En email circulating in the European Parliament mentions a word-file where Kauppi amendments on RAND had the signature of Tim Frain (Nokia).
Original Message
- Sir - The "Computer-Implemented Inventions Directive" (CIID) is a blatant attempt, by the Council and Commission of the EU, to engulf software in the patent-system. If successful, it will expose European software-producers to crippling claims from predatory patent-holders and, thereby, paralyse all but a few big players in the field. Next week, the EU-parliament will vote on the CIID and will either approve it, reject it, or (applying the Rocard-amendments) knock the stuffing out of it. Whichever way it goes, the result is likely to be close, because leading members of two, large parliamentary groups, the European People's Party (EPP = "Conservatives") and the Alliance of
Liberal Democrats for Europe (ALDE = LibDems) are committed to supporting it, while the Independence and Democracy Group (ID, which includes the UKIP) and the Greens, the Socialists, and also many members of the EPP and ALDE, will vote against. The proposal of the CIID, by the Council and Commission, appears to have been tainted, from the first, via a "revolving door" with big
business.

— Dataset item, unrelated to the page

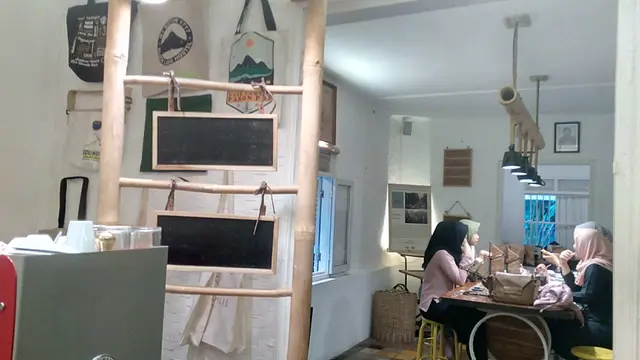 Nampak pengunjung kaula muda tengah menikmati sajian kopi sambil mempelajari ragam kekayaan kopi tanah air di cafe Sunda Hejo, Kadungora, Garut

According to the EuroLinux Alliance, Microsoft's Francisco Mingorance worked with the Commission, in 2001, to produce the first draft http://petition.eurolinux.org/pr/pr17.html while, in 2002, Detlef Eckert, a senior official with the Commission, went to work for Microsoft http://news.bbc.co.uk/2/hi/business/2523757.stm Also in 2002, seeing the CIID as a stitch-up on behalf of big corporations, the parliament threw out the proposal; but, in 2003 the Council+Commission brought it back, and, this year, it passed its parliamentary "committee-stage", under the diligent guidance of Klaus-Heiner Lehne and Piia-Noora Kauppi, of the EPP, and Janelly Fourtou, of the ALDE. Besides being an MEP, Lehne works for a legal consultancy called "Regulatory Affairs", which was founded, in 2003, by the Taylor-Wessing company. Taylor-Wessing is a firm of patent-lawyers. The following is from its web-site
http://de.taylorwessing.com/de/n_aktuell_det.asp?UID=49: Our services: Taylor Wessing has an enviable track record in advising IP-rich businesses. We are ranked a market leader in intellectual property law. We can offer our clients advice on the entire range of intellectual property disciplines. With regard to patent work, Taylor Wessing's expertise covers all aspects of contentious and noncontentious work. Current Issues in Patent Law: Members of the patent teams at Taylor Wessing continue to be at the forefront of developments in patent law across Europe. Such developments include: ! Implementation of the European Union's (EU) Biotechnology Directive ! EU's draft Directive on the legal protection of software ! Harmonisation of European patent litigation across the EU ! The creation of a European Community Patent and a Community Patents Court. If passed, the CIID will provoke a bonanza of patent-litigation. Might it not be suggested, therefore, that, in the matter of the CIID, Herr Lehne is susceptible to a conflict of interest? Lehne's loyal supporter, the lovely Ms Kauppi MEP, does not seem to have financial connections with the patent-lobby, but it does appear, from the respective ".doc-file", that her critique of the Rocard-amendments (as circulated to all MEP's) was written by Tim Frain, the Head of Intellectual Property at Nokia and a leading member of the big-business, pro-patent campaign. The most resolutely smoking gun, in this little line-up, however, is Mme Janelly Fourtou. Her husband is the CEO of Vivendi, and the Fourtou family owns options EUR40 million on Vivendi stock (maturing next November) the value of which depends largely upon the legal viability of software patents in Europe. Tom Wise MEP, UKIP (ID-Group)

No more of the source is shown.